### Activity
Please print every record below exactly as it appears, but leave out the pictures.

Crawled caption data:
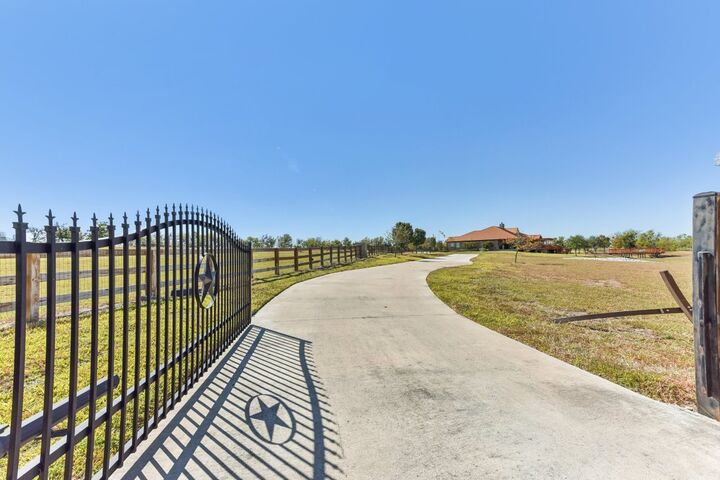 Property Photo:  9511 Magnolia Ranch Cove  TX 78660 
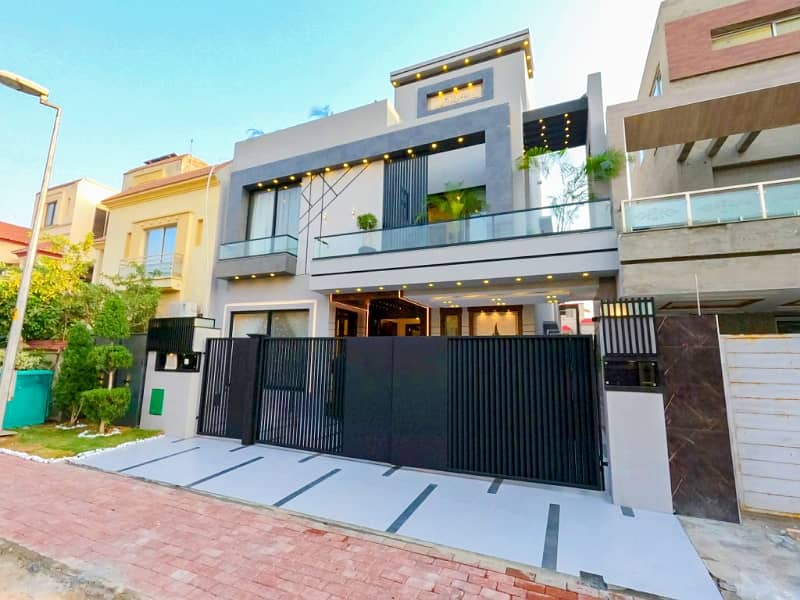 House Spread Over 10 Marla In Bahria Town - Overseas A Available 4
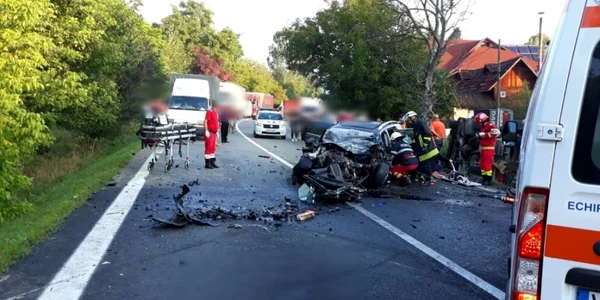 Accident pe Valea Oltului DN 7 - E 81 la Seaca în Călimăneşti - Vâlcea cu şapte victime din care două decedate Foto Adevărul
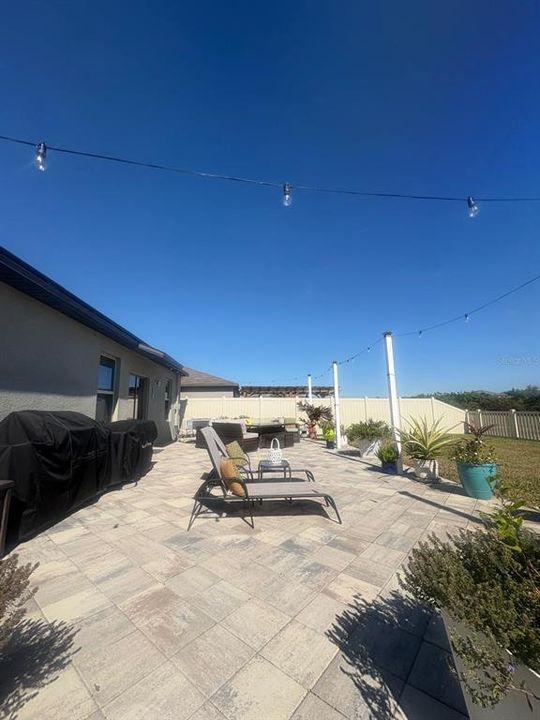 For Rent: $3,400 (5 beds, 2 baths, 2949 Square Feet)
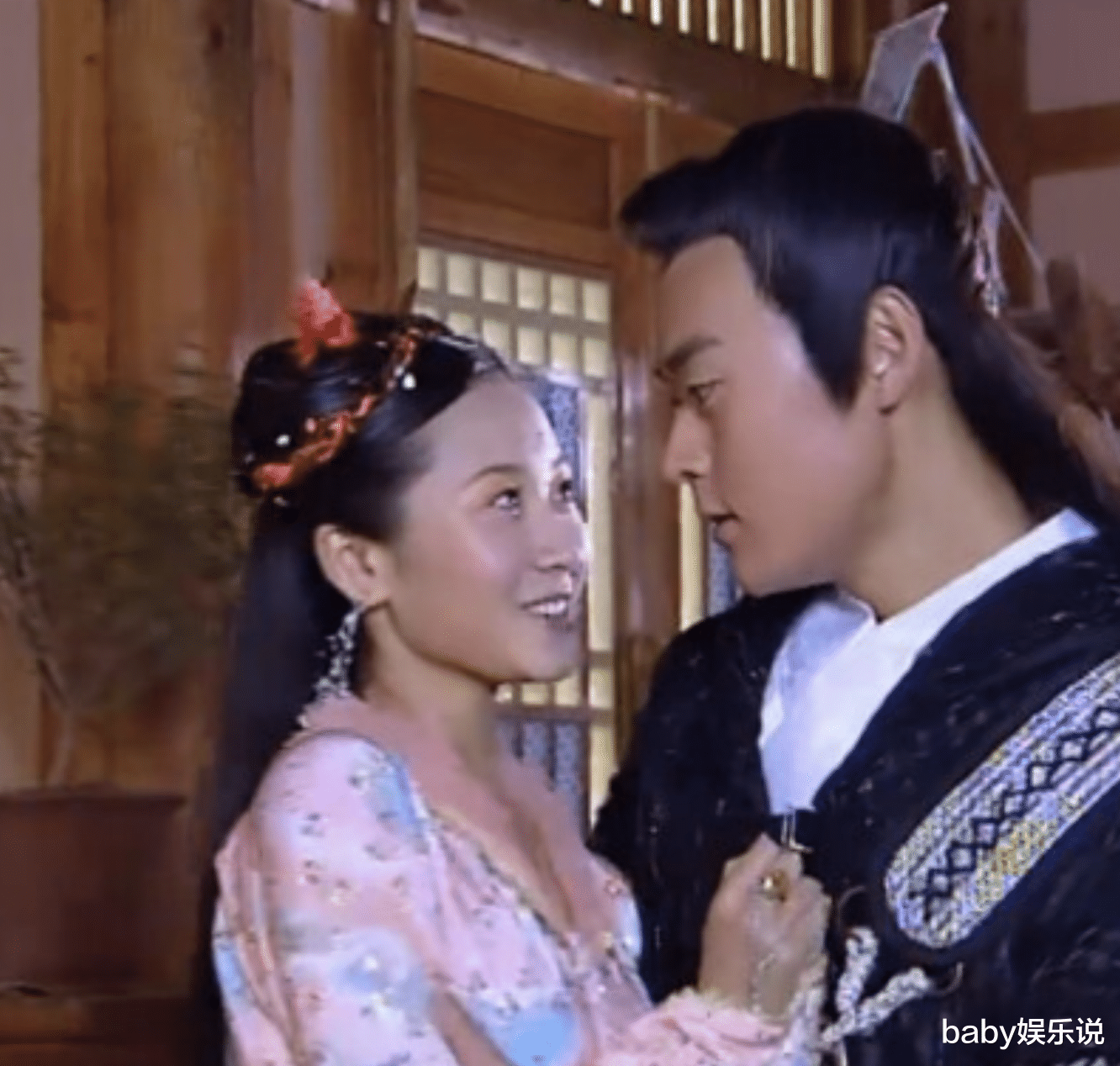 张桐|张桐的“消失”,是娱乐圈的“悲哀”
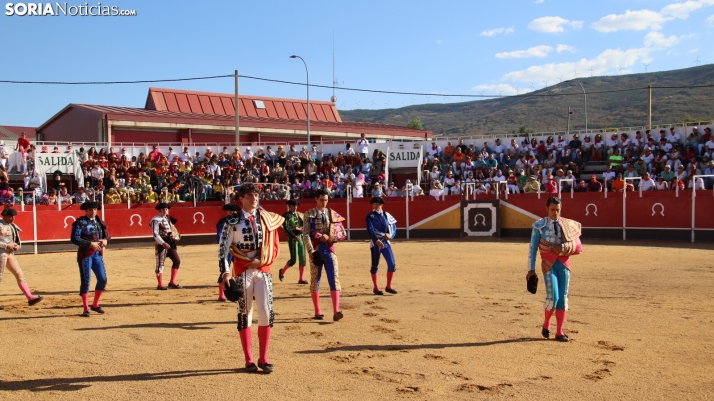 La crónica: Los aceros niegan la puerta grande en la novillada de Ólvega con una oreja para Espejón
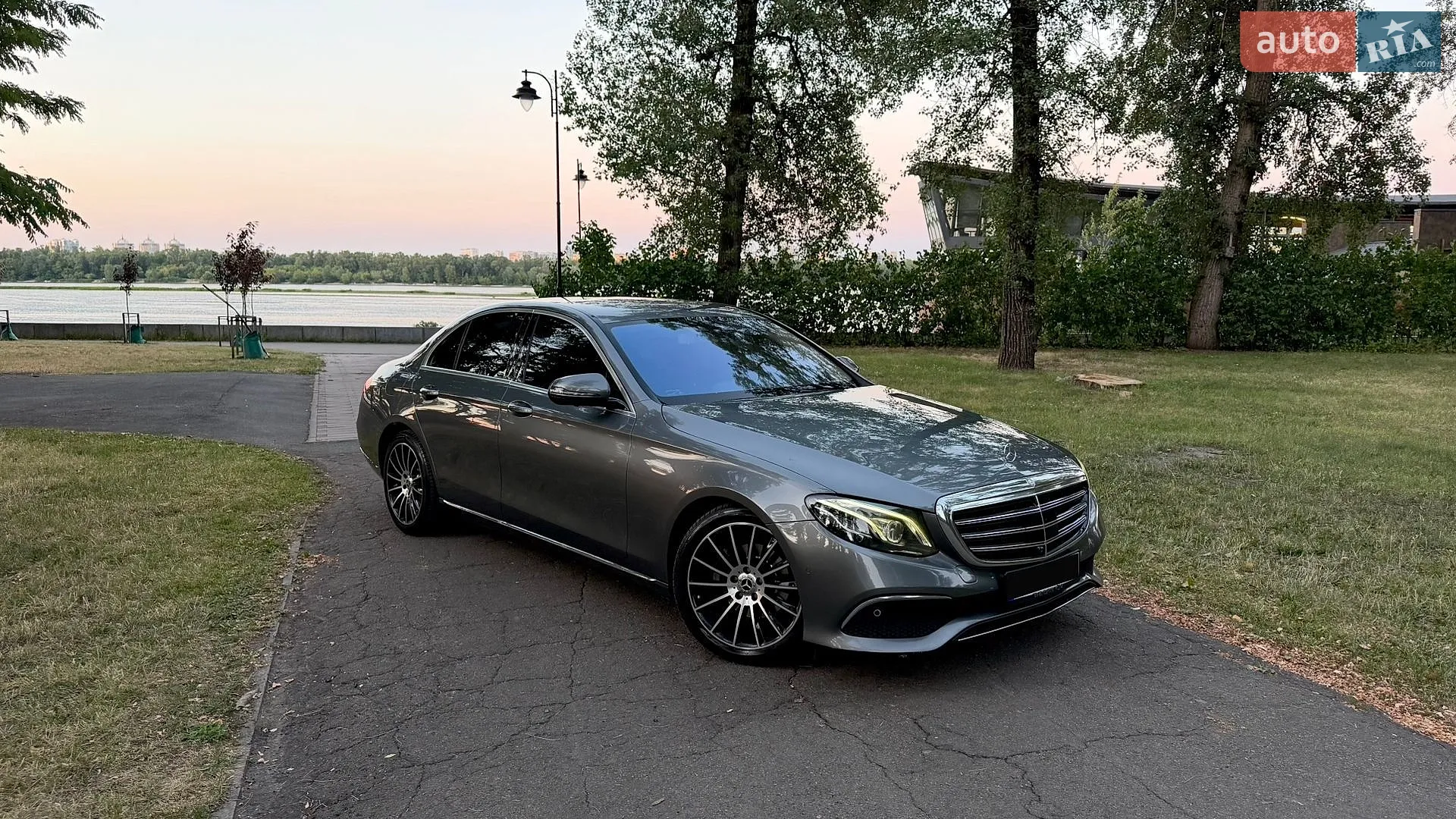 2016 Mercedes-Benz E-klasse - фото 1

### Expected answer
 Property Photo:  9511 Magnolia Ranch Cove  TX 78660 
 House Spread Over 10 Marla In Bahria Town - Overseas A Available 4
 Accident pe Valea Oltului DN 7 - E 81 la Seaca în Călimăneşti - Vâlcea cu şapte victime din care două decedate Foto Adevărul
 For Rent: $3,400 (5 beds, 2 baths, 2949 Square Feet)
 张桐|张桐的“消失”,是娱乐圈的“悲哀”
 La crónica: Los aceros niegan la puerta grande en la novillada de Ólvega con una oreja para Espejón
 2016 Mercedes-Benz E-klasse - фото 1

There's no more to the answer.